There has been so much focus on the reverse shoulder arthroplasty as a mode of treatment for all manner of shoulder pathologies in recent years that, as a result, the other evolutions in shoulder arthroplasty design are passing more or less unstudied. We were delighted to see this report from the shoulder team in Austin, Texas (USA) that focuses on another relatively recent evolution in shoulder arthroplasty: short press-fit anatomic stems.7 These have the potential advantage of restoration of normal shoulder biomechanics, with the option of a longer stem in reserve in case revision surgery is required. This study team were able to assemble an impressive cohort of 118 patients with press-fit uncemented short-stem total shoulder arthroplasties. The authors report a range of outcome measures, including shoulder function scores, mobility measurements, and radiographic outcomes, to a three-year follow up point in patients with both grit-blasted and porous-coated stems. From a survival perspective, although this is a short follow-up series, there were no patients with loosening at the minimum two-year follow-up. However, there were two patients with grit-blasted stems in ectatic humeral shafts who went on to early loosening. Signs of bone resorption on the medial cortex were seen in approximately one in ten patients. This series does serve to show that there is some evidence – in the short term, at least – for the use of a short anatomic uncemented humeral component with excellent clinical outcomes, and of a robust long-term prognosis, particularly in the porous-coated stems.

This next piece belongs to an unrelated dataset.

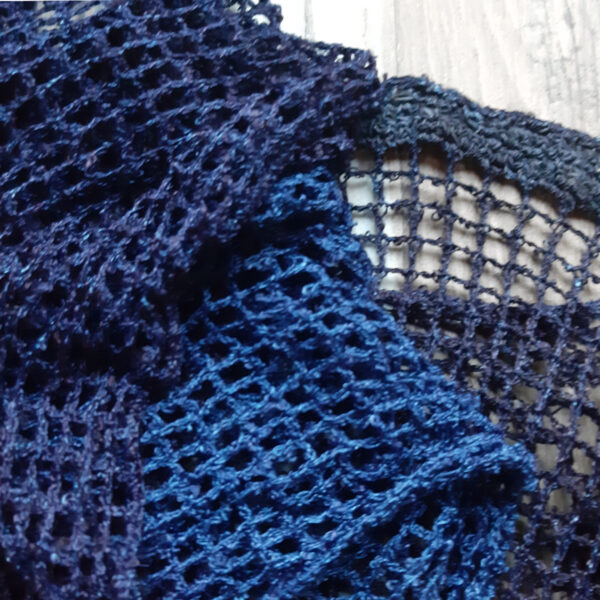 Dégradé de bleu sur soie d'abacca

Multidirectional instability under the spotlight

One of the most difficult conditions to treat in any subspecialty in orthopaedics is that of the multidirectional shoulder instability. Although it is a fairly common diagnosis, patients are commonly seen with recurrent refractory symptoms. The mainstay of shoulder surgical treatment has been to shy away from surgery – due to the poor success rates and high incidence of functional overlay seen in the patients – and to treat the patients conservatively, usually in a multidirectional instability clinic with specialist physiotherapy. The difficulty has been that although conservative management is commonly recommended as first-line treatment for multidirectional instability of the shoulder, there is a minimum of evidence to support the efficacy of this treatment. Surgeons in Melbourne (Australia) have recently written up their experience with 43 patients,8 all diagnosed with multidirectional instability, who undertook a 12-week exercise programme. Outcomes were assessed using the Melbourne Instability Shoulder Scale (MISS), the Western Ontario Shoulder Instability Index (WOSI), and the Oxford Shoulder Instability Score (OSIS). The authors also report secondary outcome measures of shoulder strength and scapular position. Reassuringly, this cohort study supports the efficacy of specialist physiotherapy, with patients reporting significant improvements in all functional instability scales and improvement in strength and scapular position measures. This paper really does support current practice for these patients, and should reassure patients and surgeons that there is hope of a reasonable outcome for what is a very difficult condition to treat with perseverance and specialist rehabilitation. An important take-home message from this paper is the importance of sustained and specialist rehabilitation, with the patients in this paper undergoing a three-month rehabilitation programme that is both resource and time-intensive.